Stranger in the Lake(21)



But a more pressing point is, what would Paul do if I held out my hand right now? Would he smile and slap some bills in my palm? Would it make me a different person in his eyes? Paul once told me he admired me for the way I worked two jobs at sixteen, paying the bills for Chet and me, pulling us both up by the bootstraps. He said he loved how my penniless past shaped me into a person he wished he could be.

But like I explained to him then, I wouldn’t wish my past on anyone. You have to come from nothing to be like me. You have to suffer. And one thing I know about my husband is that he’s never suffered, not that way. He has no idea what it’s like to eat nothing but ramen noodles for thirteen days in a row, or to have your electricity cut off in the dead of winter. He’s never felt that kind of worry. Privilege will do that to a person, make you blind to the struggles of those who exist outside your bubble.

“In case of what?”

“Emergency. Disaster.” He lifts his hands in the air, lets them fall to his sides with a slap. Money is his love language, and he can’t see a single thing wrong with him offering it to me now in place of himself. “I don’t know. The point is, it’s there for whatever you need while I’m gone.”

“What I need is for you to stay here, with me.”

“I wish I could do that.” He looks sincere enough, but I don’t believe him. There’s too much here I don’t understand, too much he’s not telling me. He might not say all of what he’s thinking, but he’s not supposed to lie.

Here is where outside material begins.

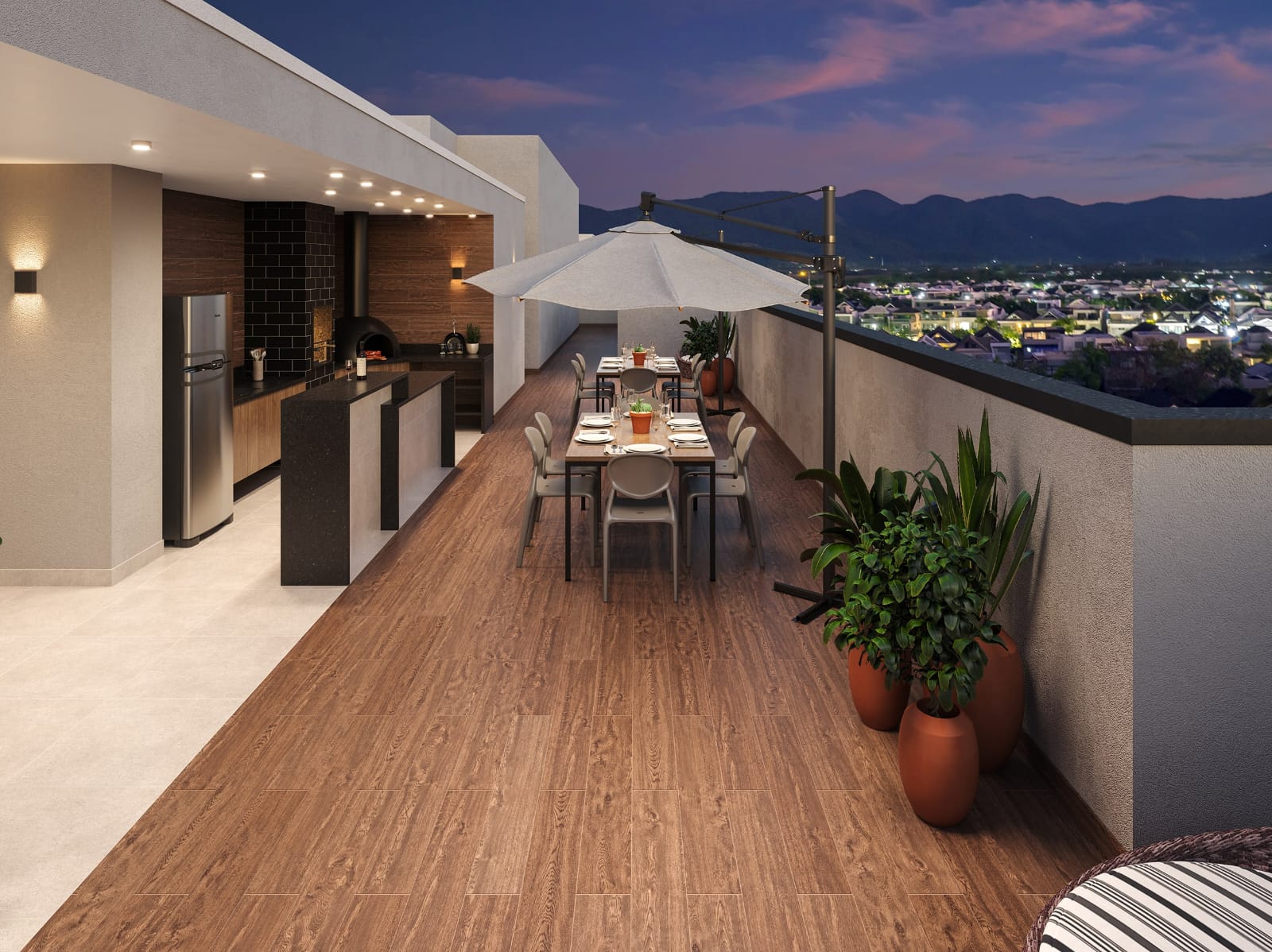 Perspectiva do rooftop com área gourmet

He presses both hands to my face, his palms cupping my cheeks. “Promise me you’ll sit tight until I get back. Promise me you won’t tell anyone where I’m going.”

“Not even your mother?”

“Especially not her. Promise me.”

I shake my head, not because I don’t want to make that promise, but because I’ve already seen the gleam in his eyes, the determined set of his chin, and I know I can’t stop him. It’s the same expression he wears on a build site, where he can look at a pile of bricks and already see the finished walls. For Paul, there is an answer to every problem, a neat and logical path to every solution. In his head, at least, he’s halfway around the lake already.

But I can’t make myself say the words. I can’t make that promise.

“What about Friday?” I say instead.

“What happens Friday?”

“The appointment with the doctor. The ultrasound.”

Paul grimaces. “I will do my best, my very, very best, to be back.” He pauses, glancing over his shoulder at the door. “But I can’t make any promises.”

“Then neither can I.”

Paul threads a hand around my neck and pulls me in for a kiss, then drops to his knees and presses his lips to my stomach. I stand there like a statue, the room spinning like the world has shifted on its axis and I don’t know how to stop it.

“I love you.” He pushes himself to his feet. “I’ll be home before you know it. Take care of yourself and our baby.”

“I love you, too,” I whisper, but he’s already gone—off like a rabbit released from a trap.

I watch him through the front window, backpack bobbing as he kicks into an easy jog up the drive, and think of my mother. Shoving Chet in my arms and leaving us in a trailer with nothing but crumbs. Ordering me to stop fussing, that she’d be right back. The way my lungs locked up when I looked through the window to see her dropping into some stranger’s car.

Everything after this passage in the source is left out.